Спустя годы чета Барто — Щегляев даже удостоится самого на тот момент высокого и авторитетного признания, почти одновременно: муж в 1948 и 1952 годах получит Сталинские премии за свои изобретения, жена в 1950-м — за книгу стихов.
Но это позже... А пока в 1933-м родилась дочь Таня — спустя три года после появления на свет стихотворения о ее тезке, уронившей в речку мячик.

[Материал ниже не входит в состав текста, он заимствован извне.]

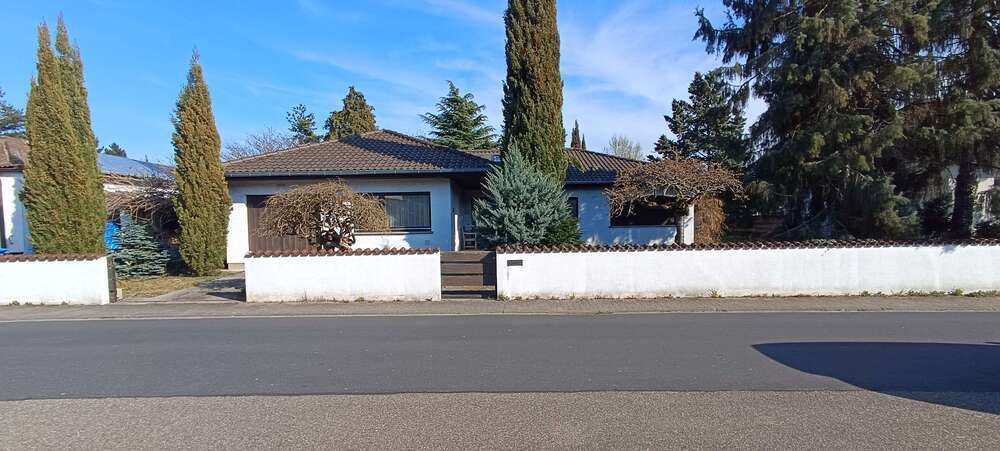 Haus zum Kaufen in Stutensee 680.000 € 125 m²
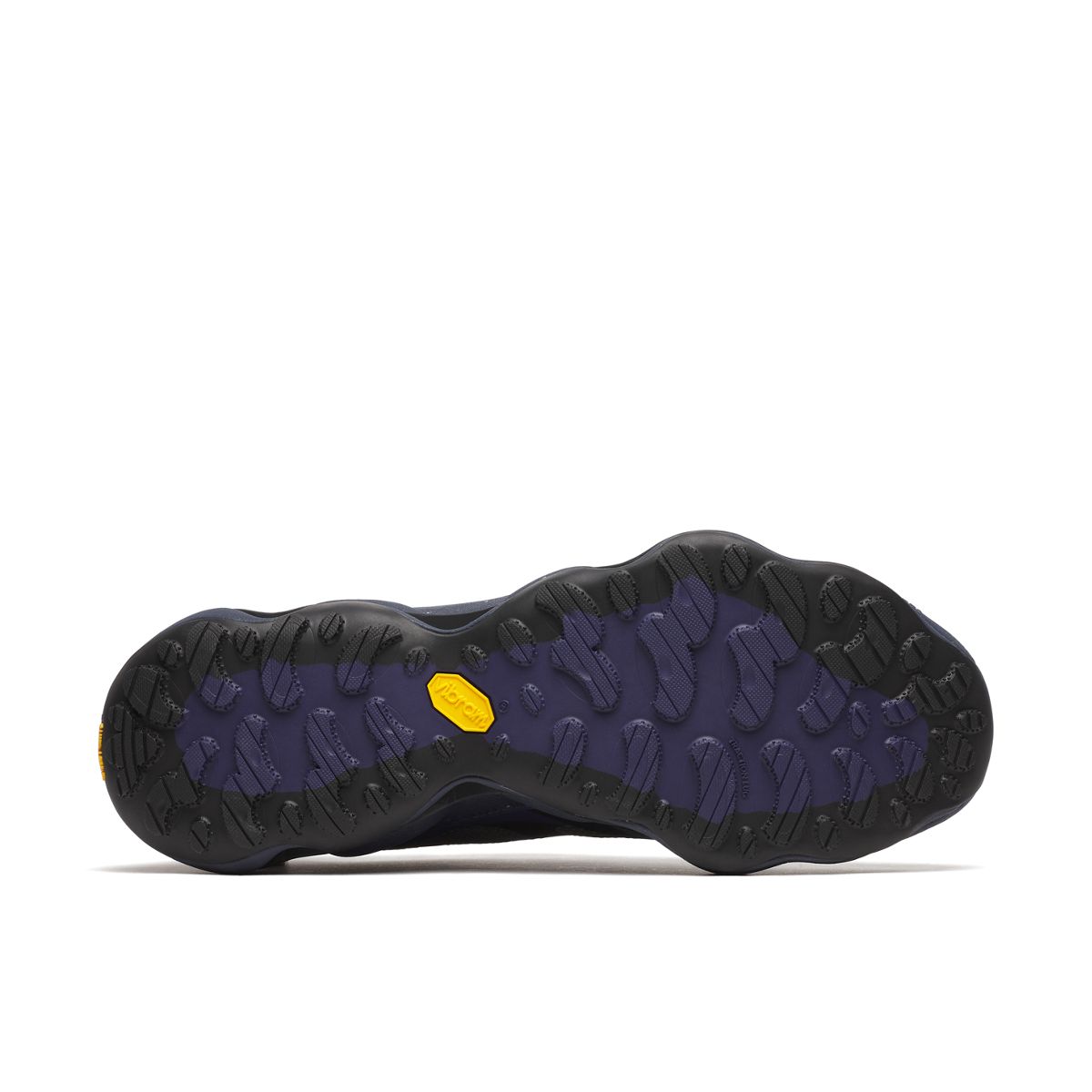 Men - SpeedARC Matis - Shoes | Merrell Popular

У занятых женщин, работа которых связана с детьми, на собственных малышей часто не хватает времени. Вот и Агния Львовна постоянно крутилась в вихре дел и забот: встречи с детьми в школах и больницах, поездки в пионерские лагеря, выступления, заседания всевозможных профессиональных организаций, дискуссии в редакциях, переговоры в издательствах, а дома — письменный стол, муки темы и рифмы над листом, стук пишущей машинки... Она никогда не бывала на родительских собраниях, а дочери запрещала говорить, «кто у нас мама».

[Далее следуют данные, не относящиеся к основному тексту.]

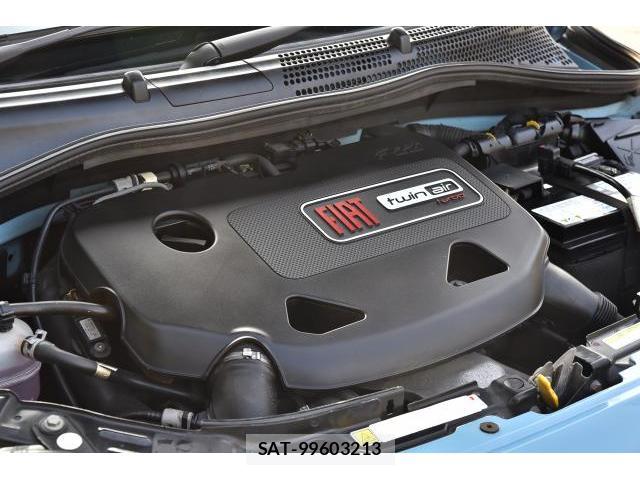 Fiat 500 2011-05 8224393-11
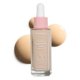 thumbnail image 1 of Suero Teñido MCoBeauty Miracle Hyaluronic 30ml Muy Claro, 1 of 9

В 1937-м Барто вознеслась на писательский олимп в буквальном смысле — и получила важнейшее свидетельство статуса: квартиру в легендарном «писательском» доме в Лаврушинском переулке, где соседи — один знаменитее другого. Там и обосновались всей семьей — муж, жена, двое детей, свекровь Наталья Гавриловна и няня Домна Ивановна.

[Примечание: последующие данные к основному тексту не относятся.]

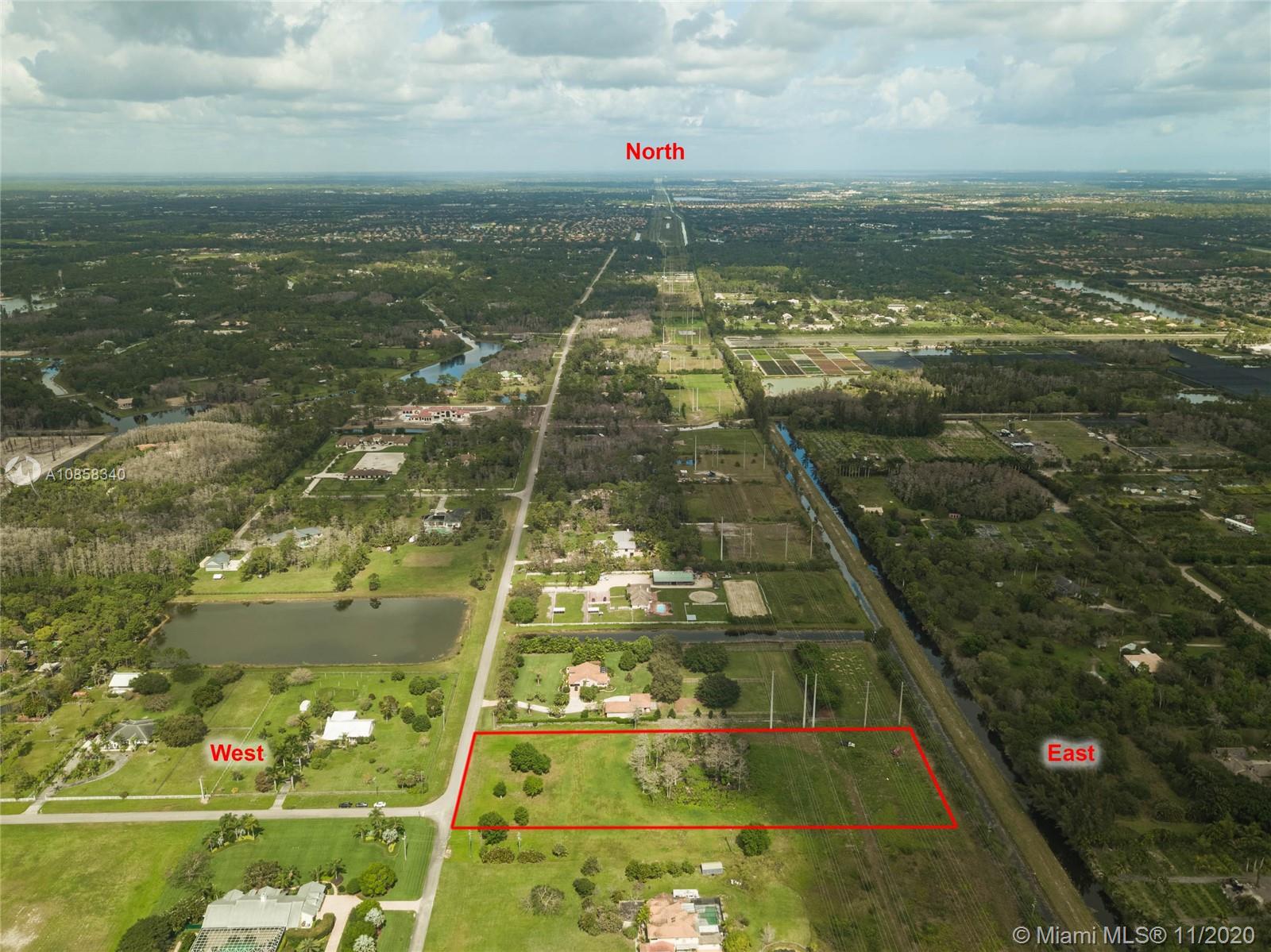 Lake Worth, FL 33449,6450 Sugarcane Ln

Положение главной детской поэтессы, общесоюзная известность и, главное, специфика характера тогда и впоследствии требовали от Агнии Львовны многого. В первую очередь — публичного заявления позиции по всем ключевым поводам. Отсидеться в ту пору никому из признанных писателей не удавалось, но Барто активностью превзошла многих.
Кто знает, чем были вызваны такие проявления? Об их причинах и природе спорят и десятилетия спустя. Кто-то склонен оправдывать ретивость обличавшей врагов Барто затаенным страхом и желанием уцелеть и приспособиться. Кто-то настаивает на том, что она действительно верила в то, что делала, будучи глубоко советским человеком, этакой отличницей с первой парты, до мозга костей, каждой клеточкой преданной партии, верящей и отвергающей любые сомнения.
Как бы там ни было, этого уже не вычеркнуть. Хотя и трудно уместить в голове парадокс: детская писательница, фея доброты, справедливости и чистоты, даже само имя которой переводится с греческого как «невинная», а с латыни как «агнец», жжет глаголом, призывая покарать вчерашних кумиров.
В 1930 году она подпишет письмо, обвиняющее Чуковского в буржуазности и неактуальности. На процессе Синявского и Даниэля сделает «экспертное заключение по делу», подтвердив антисоветский характер творчества. При исключении из Союза писателей Лидии Чуковской обличит с трибуны антисоветчину и злобу кристально чистого человека, дочери своего патрона в литературе. Поддержит исключение из Союза писателей Пастернака и вместе с Маргаритой Алигер и Верой Инбер составит и зачитает просьбу к правительству лишить его гражданства и выслать из Советского Союза (хотя Пастернака когда-то любила и ценила очень высоко, всю жизнь помнила, как он хвалил ее, называя жонглером, потому что каждое ее слово твердо стоит на невидимом канате и не качается).